Talk then turned to the common theme that is present in both novels, finding out who you are and finding your place in the world.
Matt said that the idea for his novel started of with an idea of looking at life from far away. In parts the book has a certain autobiographical feel to it. The Humans is written to Matt’s 24 year old self. Kevin did not deliberately set out to write a novel, he stated that he wrote it selfishly as at the time he was working as a journalist and film reviewer, writing a novel was a form of escape into a fictional world.

The other common theme both books have in common is the father and son relationship at the centre of both novels. The Humans originally started out as a family story and Matt thought it was going to be more about an alien and wife love story. However when writing it became clear that it was becoming increasingly more about the father and son relationship. Kevin described how he thinks certain subjects are red flag and he tries to avoid father and son relationships when writing. The idea is so traditional and he danced around it for so long that he couldn’t avoid it when writing.

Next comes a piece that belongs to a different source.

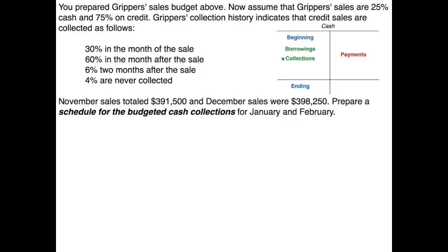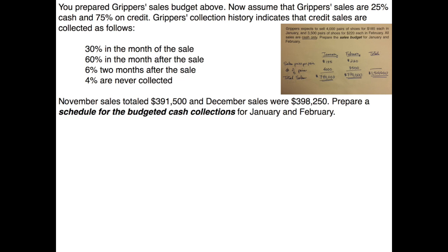In a prior video we talked about Gripper's sales budget. We're going to assume that Gripper's sales are 25% cash and 75% on credit. Gripper's collection history indicates we collect 30% of credit sales in the month of sale, 60% the month after the sale, 6% two months after the sale, and 4% will never be collected. November sales totaled $391,500 and December sales were $398,250. We need to prepare a schedule of budgeted cash collections for January and February.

Humour comes through in both books and it is rare to read a book that makes you laugh out loud. Matt responded to this by saying that, you write how you see life, I see life as a black comedy. Kevin added that writing takes you away from so many things in he your personal life, the least it can do is make you laugh.

Time for some audience questions

What was the soundtrack to your novel while you were writing?
Matt responded by saying that he writes in his attic, so he is always trying to block out the noise of the house below. The Beach Boys would be the soundtrack of the novel, The Humans.
Kevin response was more comic, The Strippers, which is a song that defined his teenage years and since he was writing from the prospects from a teenager it seemed like a good song to get him back into the mind-set.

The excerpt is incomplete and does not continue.